Supplied material>
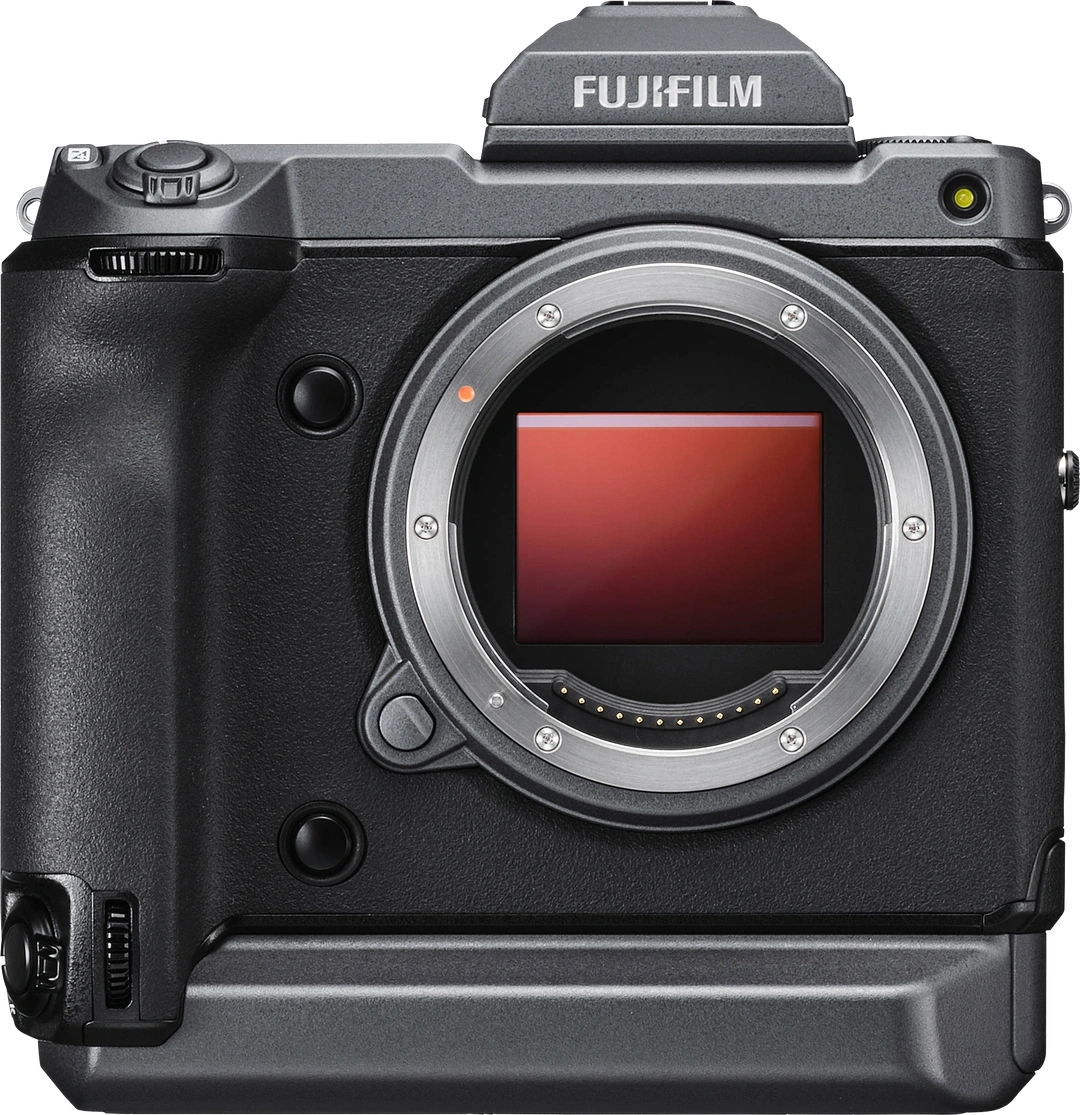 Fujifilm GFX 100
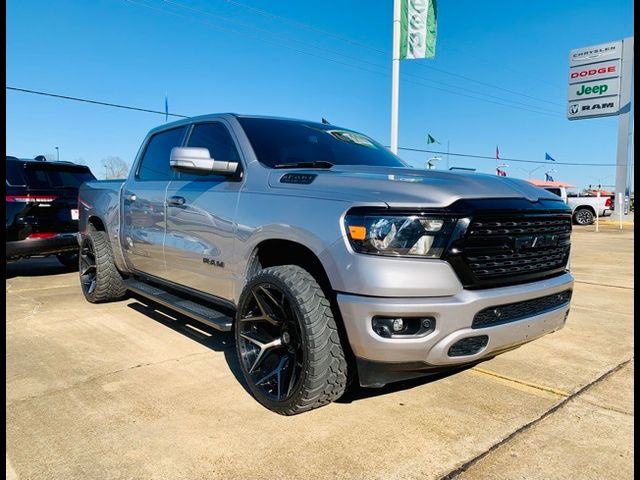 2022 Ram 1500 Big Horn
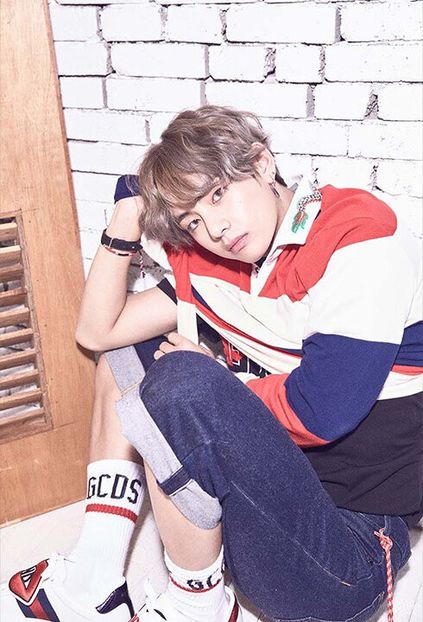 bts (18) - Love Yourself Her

Your objective> From the first line to the last, transcribe the listing exactly; skip the pictures.

Task solution>
 Fujifilm GFX 100
 2022 Ram 1500 Big Horn
 bts (18) - Love Yourself Her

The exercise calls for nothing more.